A one-size-fits-all approach to education never works when it comes to advancing the educational needs of students. There are many skills that a teacher needs to have in order to be successful, but few are more valuable than being able to understand the learning needs of a student. The earlier that a student has a learning plan, the better off the student will be in the long run.

By creating a system around that student, we promote inclusion and we ensure success and we build confidence in the student. By teaching self-worth, however, we enable the student with the ability to learn with a focus. Now I can’t stress that enough. As a math teacher, my curriculum did not identify how to teach self-worth to my students. But if a student or if a school embraces a community approach to developing a whole child, and if the teachers willingly step outside of the confines of their classrooms and their standardized goals, students will benefit by understanding what it means to have self-worth.

I learned early on that in order for a student to succeed, the teacher needs to understand how that student learns.
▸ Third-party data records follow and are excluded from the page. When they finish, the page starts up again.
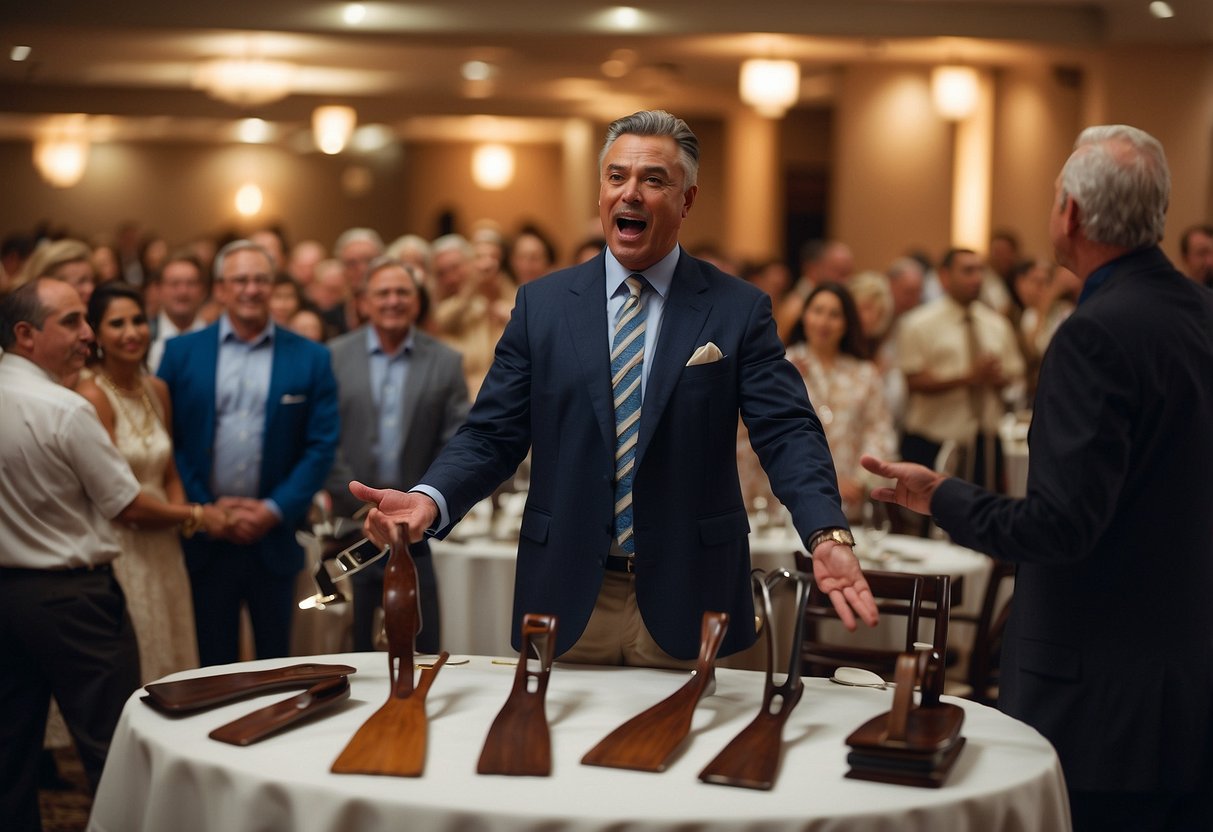 Auctioneer sells hotel furniture to bidders. Tables, chairs, and lamps on display. Bidders raise paddles to bid. Excitement in the air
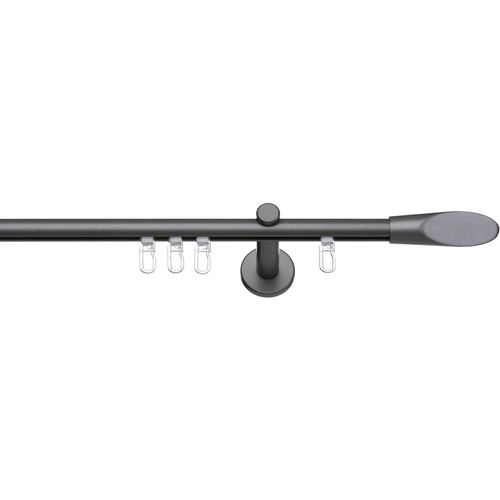 4042627723920 - Gardinenstange INDEKO Marbella Gr 2 schwarz (anthrazit schwarz) L160cm Ø16mm Aluminium Gardinenstangen Innenlauf Komplett-Set inkl Gleitern und Montagematerial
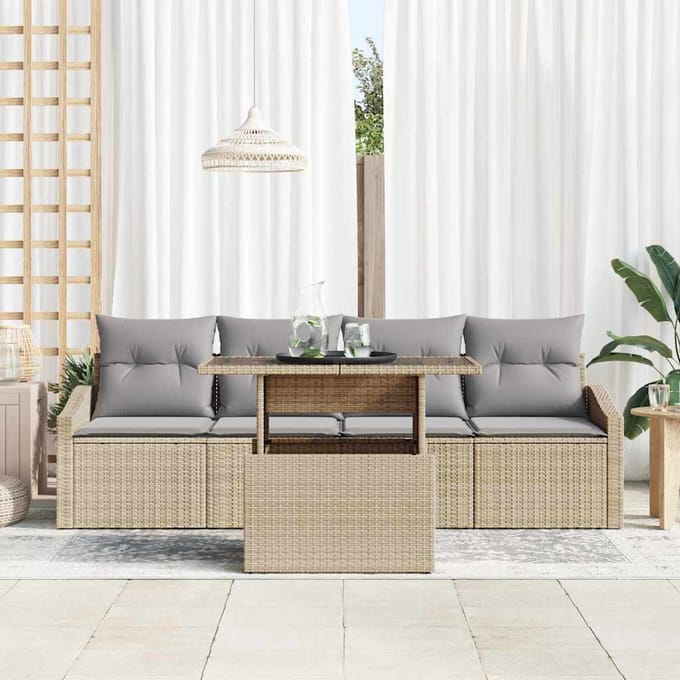 vidaXL - Tuinbank - Set - 5 - st - Beige - en - Lichtgrijs - 100 - x - 55 - x - 73 - cm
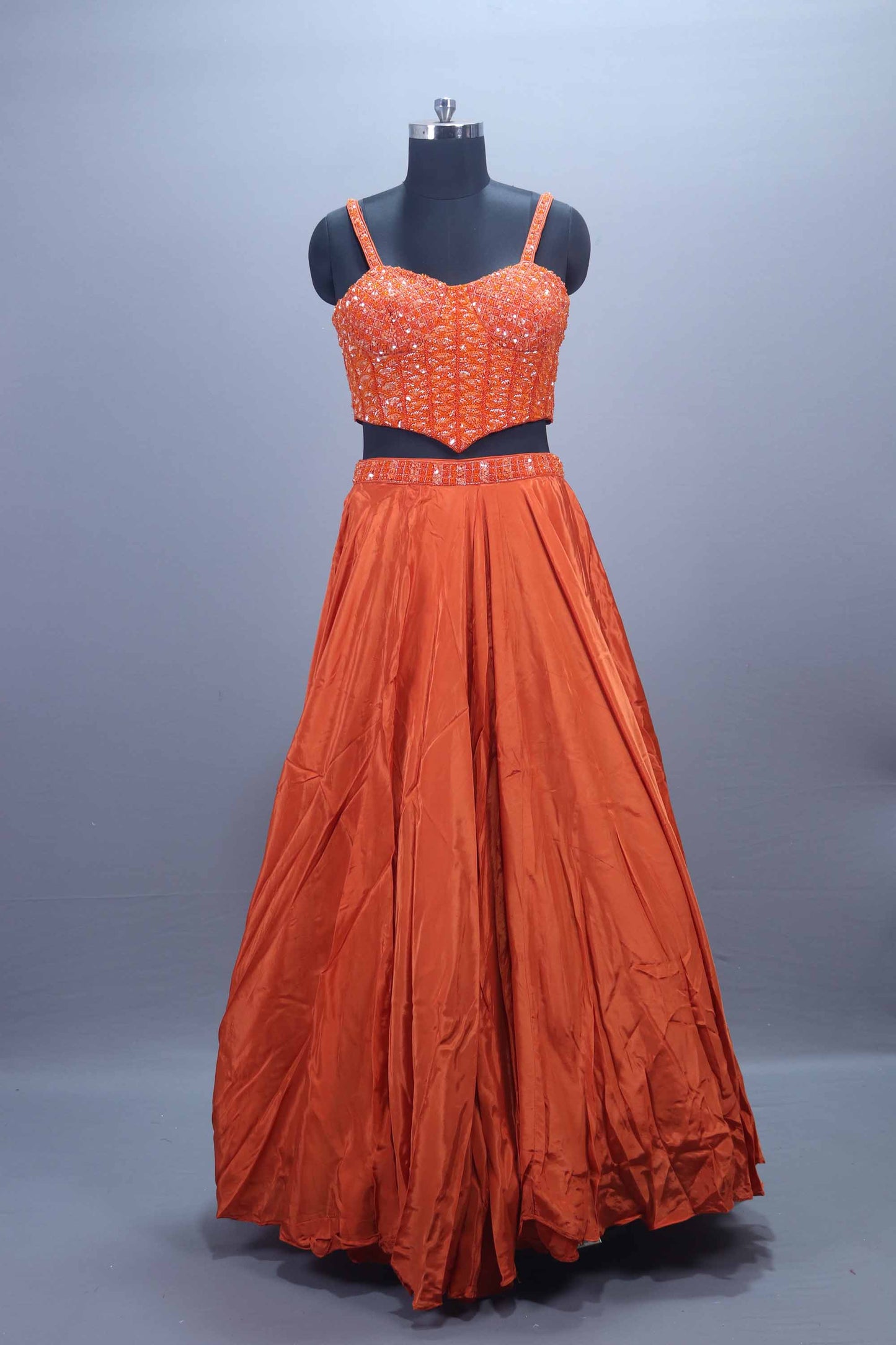 Rust Orange Heavy Embroidered Designer Lehenga Choli Party Wear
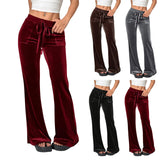 MQTIME  -  Solid Color Velvet Pants Casual Slim Flared Pants For Woman Autumn Women's Pants High Waist Drawstring Trousers Female Clothing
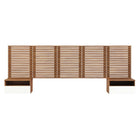 Modway Render 7-Piece Wall Mount Queen Headboard with Nightstands - Walnut White-Durable Particleboard Construction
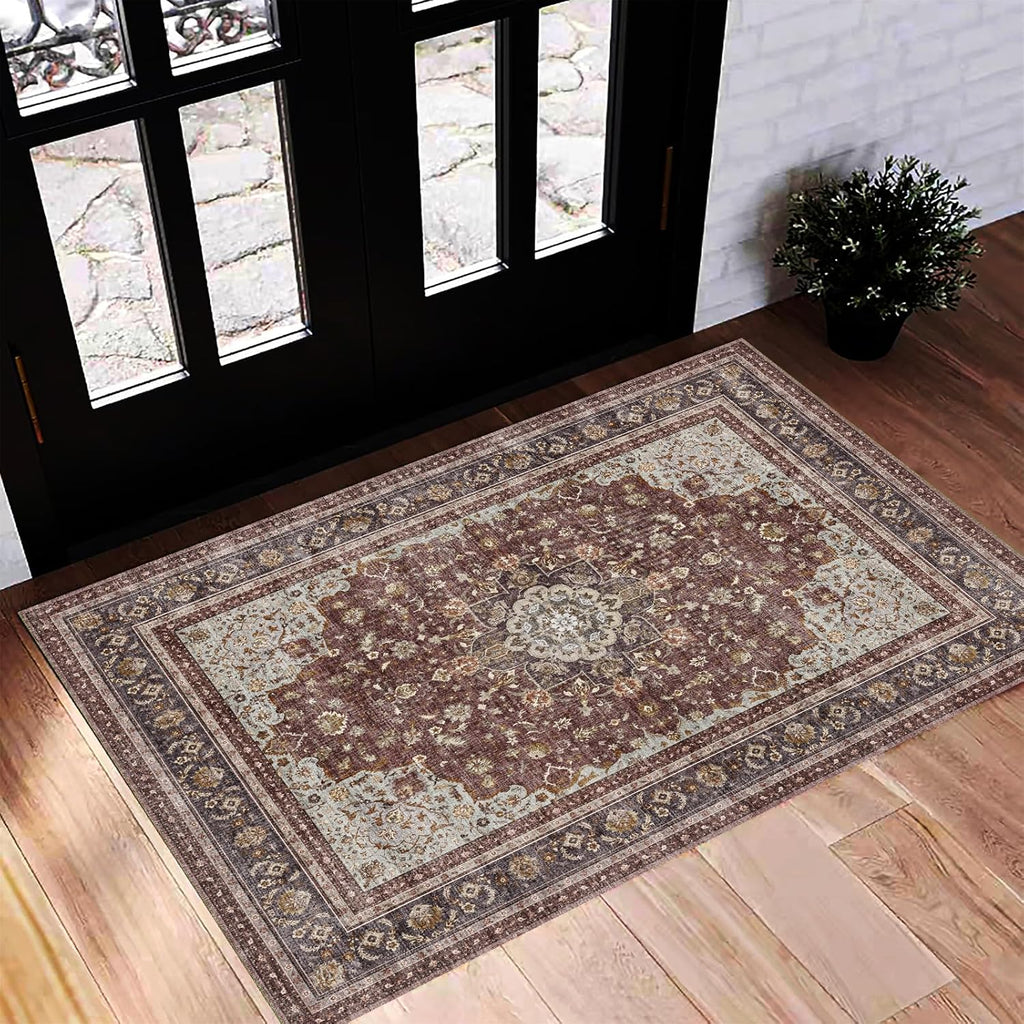 Area Rug 8x10 Washable Rug Brown Vintage Traditional Mat Distressed Indoor Foldable Thin Retro Accent Floral Non Slip Carpet Living Room Dining Room Office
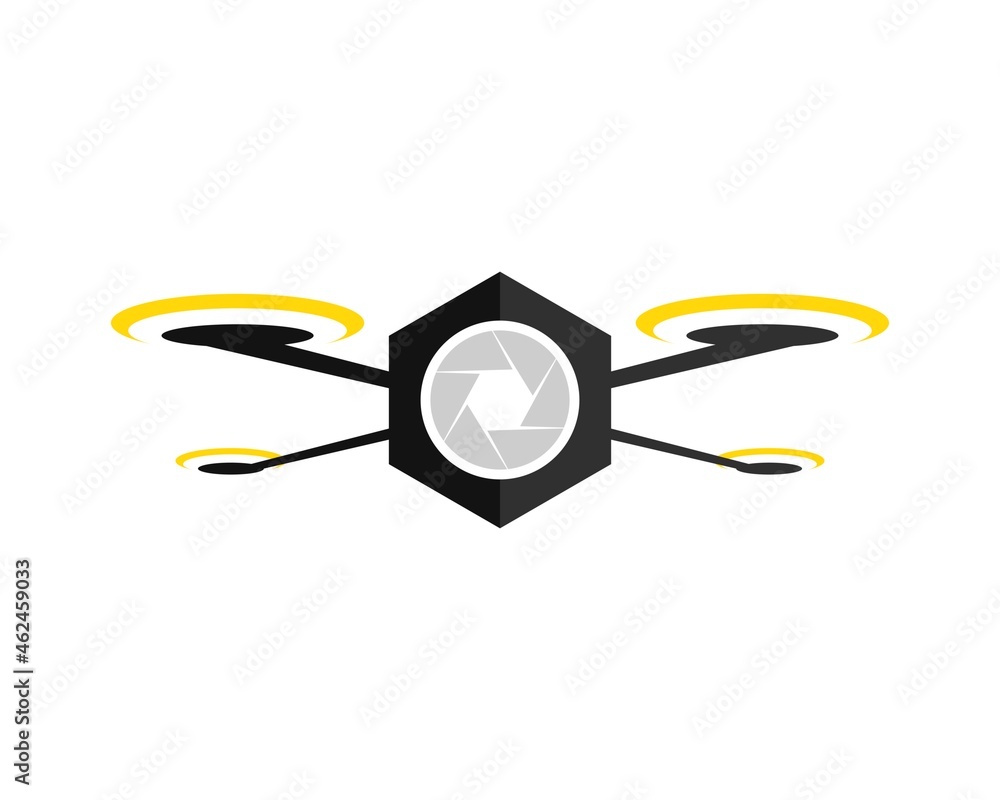 Modern drone with hexagonal shape and camera inside Modern drone with hexagonal shape and camera inside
Every student retains information differently. But this year’s slogan, “Many Paths to Learning”, means a lot more to me than that. To me, it means that it takes a whole community to raise a child. A community with many people, from many of life’s pathways engaged in education is a recipe for our next education to have a more enriched life than their parents’ generation.

As I pay tribute today to Education Week, I want to take the opportunity to thank every teacher, every parent and every student who I’ve worked with in my tenure as a teacher for all that they have taught me. I hope that I was able to teach them something as well.

I’ve said it before, Mr. Speaker, and I’ll say it again: We have the best students in Canada here in the Yukon. They deserve the best education in the world.